The Specialist Crime Directorate (SCD) was one of the main branches of London's Metropolitan Police Service. It provided highly visible specialist policing services across the whole of London. Assistant Commissioner Mark Rowley had previously led the directorate but it was later led by Assistant Commissioner Cressida Dick.

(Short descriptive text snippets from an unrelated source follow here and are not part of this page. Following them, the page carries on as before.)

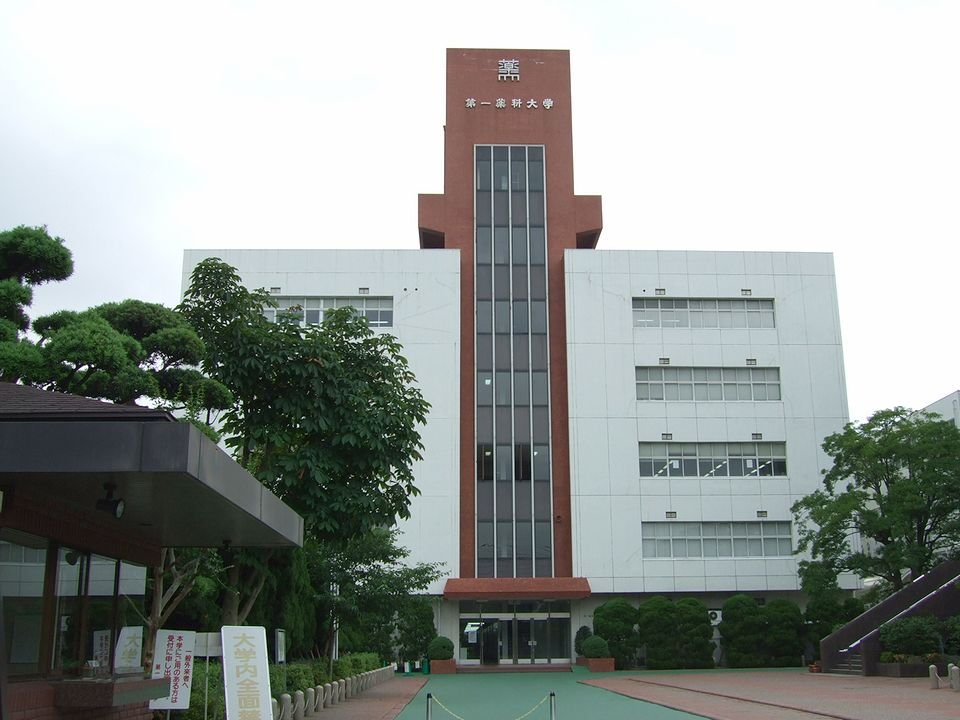 Daiichi University of Pharmacy campus building in Fukuoka Japan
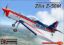 Obrázok pre 4/KPM4827 Zlin Z-50M * CZ/SK/SLO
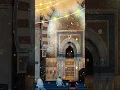 Download Lagu 103 surah-al-asr | Arabic recitation | El Sheikh Mashary Rashed El Afasi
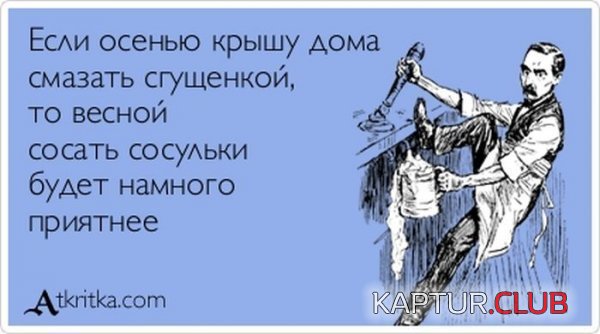 1366618901_atkritka_20.jpg | Рено Каптур Клуб Россия | Форум KAPTUR.SU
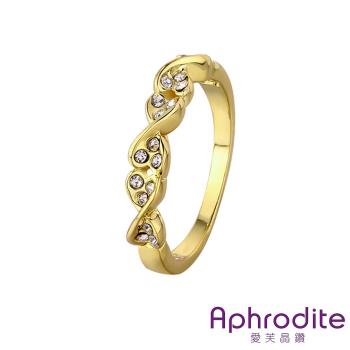【Aphrodite 愛芙晶鑽】小愛心扭結造型鑲鑽戒指(黃金色)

The Directorate led national police agency with regard to specialist crime investigations such as e-crime, sex crimes (paedophile unit) or kidnappings, hostage-taking and contract killings.

The Specialist Crime Directorate was merged with Central Operations to create Specialist Crime & Operations, which was itself later split, with Operations now in Met Operations and Specialist Crime part of Frontline Policing Headquarters within Frontline Policing.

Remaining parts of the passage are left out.